SAMURAI REBELLION (1967)
Masaki Kobayashi
Par Mathieu Li-Goyette
Déracinement politique. Aussi loin le lien peut-il se faire,
Samurai Rebellion de Masaki Kobayashi reste une des oeuvres
les plus accessibles de l’auteur par son sens des valeurs bien
défini et la légèreté de son discours (du
moins, c’est ce qu’il laisse paraître au premier venu).
Figure de proue de l’humanisme d’après-guerre japonais
avec Akira Kurosawa, Kobayashi prétendait rechercher un cinéma
en dehors de toute contrainte morale ou stylistique. De ce fait, les
studios eurent tôt fait de le marginaliser, ce qui mit un frein
très tôt à sa brillante carrière. Cinéaste
politique à sa façon, Kobayashi est peut-être le
premier à s’être réellement engagé
dans la relance du pays en y apportant, par ses films, un vent d’espoir
en réaction à l’ancien impérialisme et au
nouveau totalitarisme. Confiant que le « Nouveau » Japon
se devait de commencer en 1945, il fut convaincu tout au long de sa
carrière que le peuple se devait de se tenir debout, d’affronter
son gouvernement, aussi puissant soit-il, afin d’acquérir
sa propre liberté.
Sans user d’une réthorique à l’échelle
de ses préoccupations comme il l’avait si bien démontré
dans La Condition de l’homme (film le plus long de l’histoire
avec trois volets totalisant 9h30 de pellicule), Kobayashi passe au
microcosme dans sa trilogie de Jidaigeki (film d’époque
japonais se déroulant dans l’ère Edo). Débutant
par Harakiri, film le plus reconnu de l’auteur, le tryptique
se poursuit avec Samurai Rebellion, connu ici pour ses scènes
de combat beaucoup plus que pour sa frondeur face à l’autorité.

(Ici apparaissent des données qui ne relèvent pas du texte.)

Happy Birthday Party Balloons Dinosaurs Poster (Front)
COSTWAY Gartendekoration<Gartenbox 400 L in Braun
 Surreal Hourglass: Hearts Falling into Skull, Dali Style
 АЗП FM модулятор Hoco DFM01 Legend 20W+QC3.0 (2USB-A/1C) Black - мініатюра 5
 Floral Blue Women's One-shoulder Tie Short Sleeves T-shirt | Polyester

Se défendant en prétendant faire des films anti-samouraï,
il reste ironique que c’est le genre auquel les gens associent
le plus l’auteur japonais…
Samurai Rebellion suit donc l’histoire d’un de
ces guerriers approchant la retraite, Isaburo Sasahara (Toshiro Mifune),
qui voit son fils se faire offrir l’ex-femme du seigneur de son
royaume. Prenant bientôt les allures d’un mariage forcé,
Ichi, la nouvelle femme de Yogoro Sasahara se révèlera
être la mère bafouée de l’héritier
du royaume. Plus le temps passe et plus les deux mariés s’acclimateront
à leur relation de couple sous la surveillance matriarcale de
la femme d’Isaburo. Deux ans plus tard, Isaburo lègue le
fief à son fils qui vivra d’un amour passioné dont
la récompense sera une petite fille du nom de Tomi. Pendant ce
temps, le seigneur de guerre verra son premier fils décéder
d’une grippe et aura l’obligation de léguer le titre
d’héritier à son deuxième fils, celui qu’il
eut avec Ichi. Pour ne pas perdre la face, il demandera aux chefs des
clans de convaincre la famille Sasahara de leur rendre Ichi en échange
de ne pas être ruiné, ce qui ne plaira évidemment
pas à Isaburo et encore moins à son fils.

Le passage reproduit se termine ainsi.